Nothing is impossible for God right? Then how is it possible for God to forget our sins after He’s forgiven them? It’s sounds like a complete contradiction?

Isaiah 43:25, “I, even I, am the one who wipes out your transgressions for My own sake, and I will not remember your sins.”

This is a remarkable statement by God to His people Israel after He goes into detail in all the preceding verses about how they’ve been sent into exile because of their sin and how they rebelled against Him and forgot Him, yet God promises to bring them back from the north, south, east and west – even though they were only going into the Babylonian captivity at that time (God knew there would be another dispersion in their future into the entire world) – and that when He would bring them back, wipe out their transgressions and not remember their sins.

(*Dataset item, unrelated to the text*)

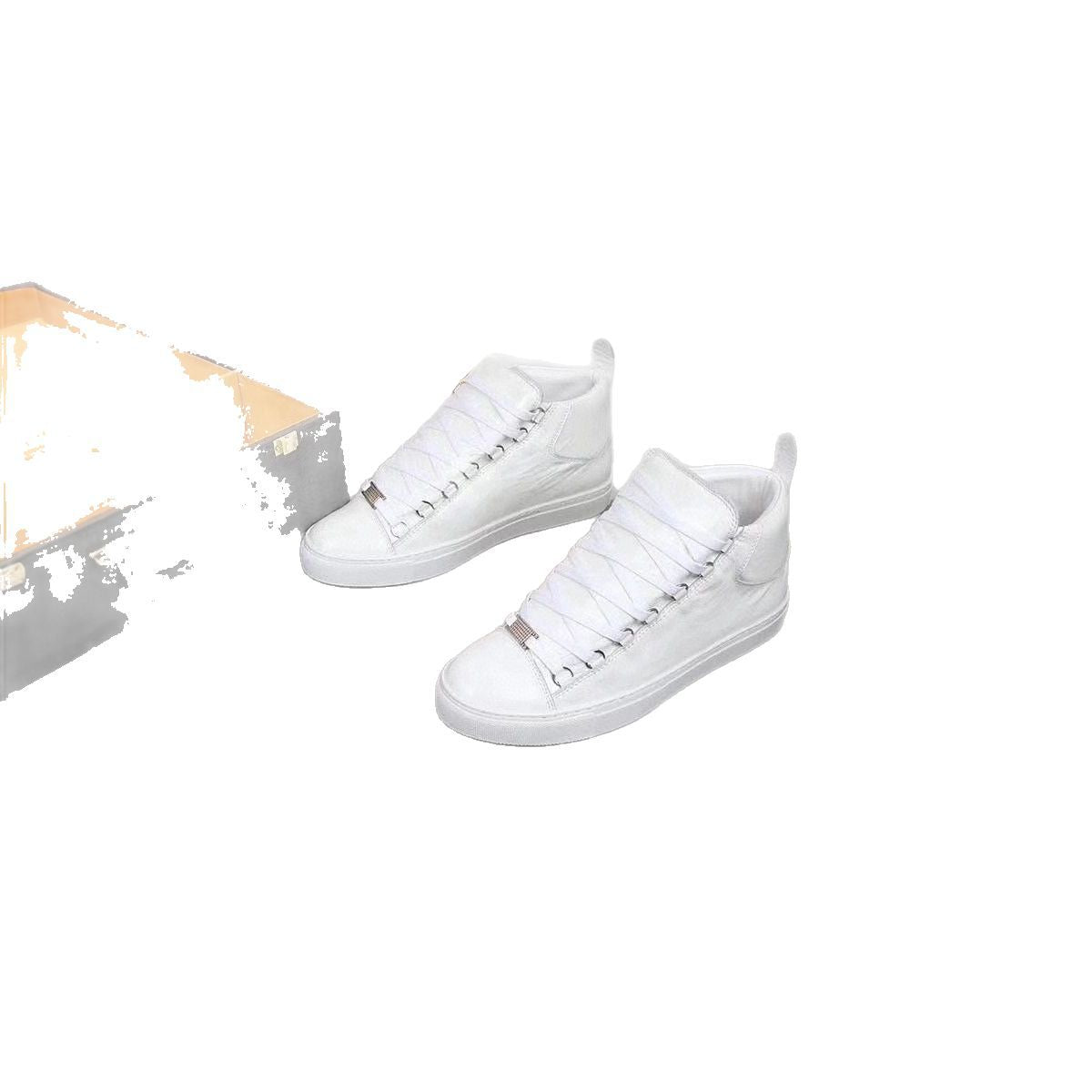 Men's Fashion European Goods Board Bread Men's Sports Shoes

Hebrews 8:10-12, “For this is the covenant that I will make with the house of Israel after those days, says the Lord: I will put My laws into their minds and I will write them on their hearts and I will be their God, and they shall be My people. And they shall not teach everyone His fellow citizen and everyone his brother, saying, ‘Know the Lord,’ for all will know Me, from the least to the greatest of them. For I will be merciful to their iniquities and I will remember their sins no more.”

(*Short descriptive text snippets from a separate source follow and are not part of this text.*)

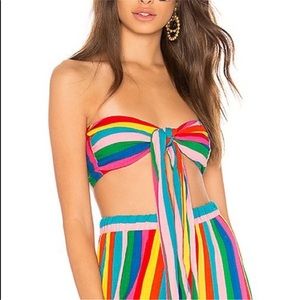 SMYM Kenny Scarf Top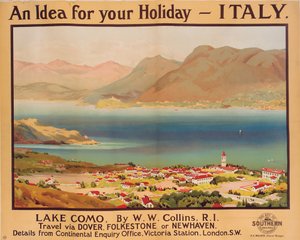 Une idée pour vos vacances - Italie
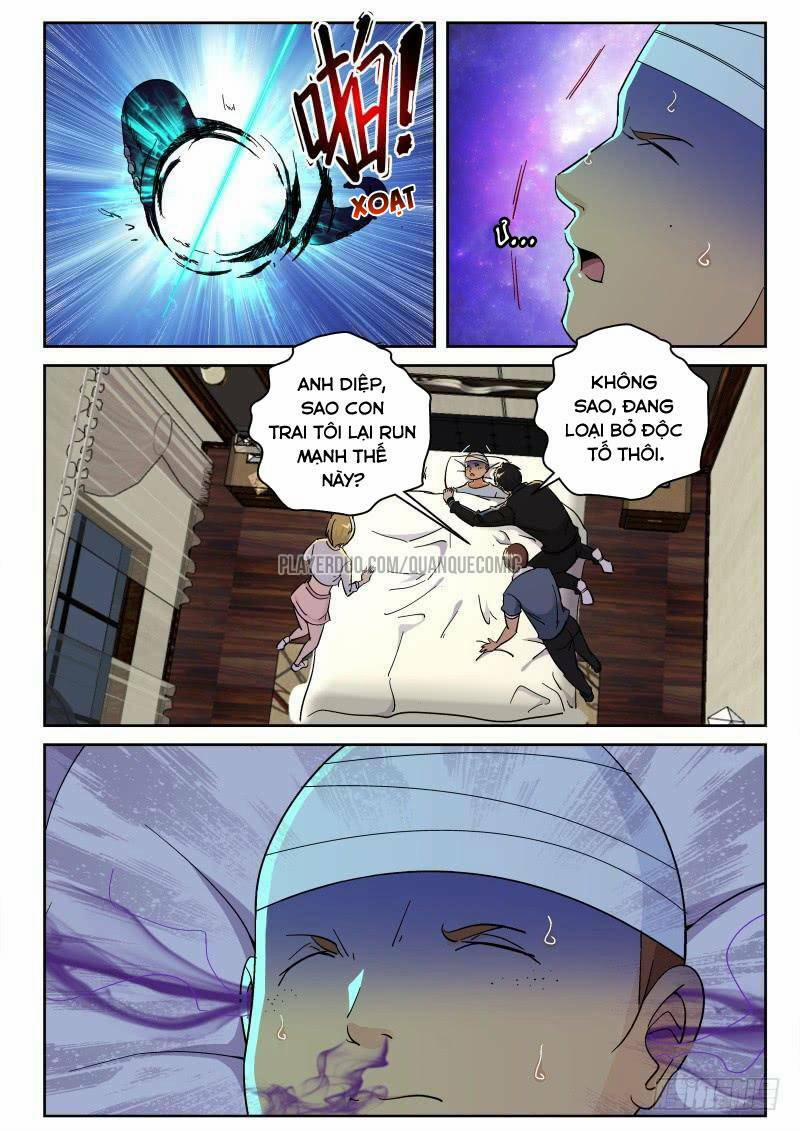 Tối Cường Khí Thiếu 150 trang 3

This is God’s promise to His people that when He establishes His New Covenant with them, He will be merciful toward them and forgive their sin and indeed, He won’t remember their sin anymore!

Hebrews 10:14-17, ‘For by one offering He has perfected for all time those who are sanctified. And the Holy Spirit also testifies to us; for after saying, “This is the covenant that I will make with them after those days,” says the Lord: “I will put My laws upon their heart and on their mind I will write them,” He then says, “And their sins and their lawless deeds I will remember no more.”‘

Again, God promised to establish a New Covenant with His people and His promise included all their sins being forgotten.

Psalm 103:10-13, ‘He has not dealt with us according to our sins, nor rewarded us according to our iniquities. For as high as the heavens are above the earth, so great is His lovingkindness toward those who fear him. As far as the east is from the west, so far has He removed our transgressions from us. Just as a father has compassion on his children, so the Lord has compassion on those who fear Him.’

How can God forget something when He knows everything? Sometimes there are Bible passages that make you scratch your head trying to understand them. Again, how can God, in His infinite intelligence and knowledge, forget anything, let alone the entire accumulation of the sins of all His children?

The other side of this subject is that the Lord said that we are to forgive the sins of others in the same way He’s forgiven us our sins.

Does God really expect us to forgive and to forget the sins of others?

I heard a story about a young woman who had been raped by a babysitter when she was only 10 years old and over many years she tried very hard to forgive her attacker however she was most distressed by the fact that she couldn’t forget the horror of what happened to her. What concerned her most was that if she couldn’t forget, perhaps she hadn’t really forgiven and therefore, God wouldn’t forgive her either. How could anyone possibly forget such a crime?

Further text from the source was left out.